Frame-Based Beam-Summation Algorithms for Ultra Wideband Radiation from Extended Apertures. Part II: Time domain formulation

The wideband frame-based beam summation algorithms introduced in the first part of this two parts sequence1 (see also Ref. 2) have several attractive features that make them amenable for an extension into the Time Domain (TD): (a) The same beam lattice is used for all frequencies; (b) The iso-diffracting Gaussian beam (IDGB) basis provides the ``snuggest'' frame representation for all frequencies; (c) The propagation parameters of the resulting beams are frequency-independent and need to be calculated only once at a reference frequency.
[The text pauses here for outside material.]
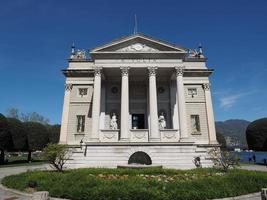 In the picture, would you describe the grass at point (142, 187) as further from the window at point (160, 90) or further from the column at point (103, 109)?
the window at point (160, 90)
These properties were utilized in Ref. 3 to derive new TD representations for radiation from extended apertures, wherein the field is expanded in a discrete phase space lattice of shifted and tilted iso-diffracting pulsed beam propagators (ID-PB). The excitation coefficients of these propagators are extracted from the aperture source distribution by using the ID-PBs as ``analysis windows'' in a ``discrete local slant stack transform'' (DL-SST). From a broader perspective, this transform involves a new class of Radon-frames and can be regarded as a ``discrete local Radon transform'' in ℝ3 that may be relevant in other disciplines, such as image processing.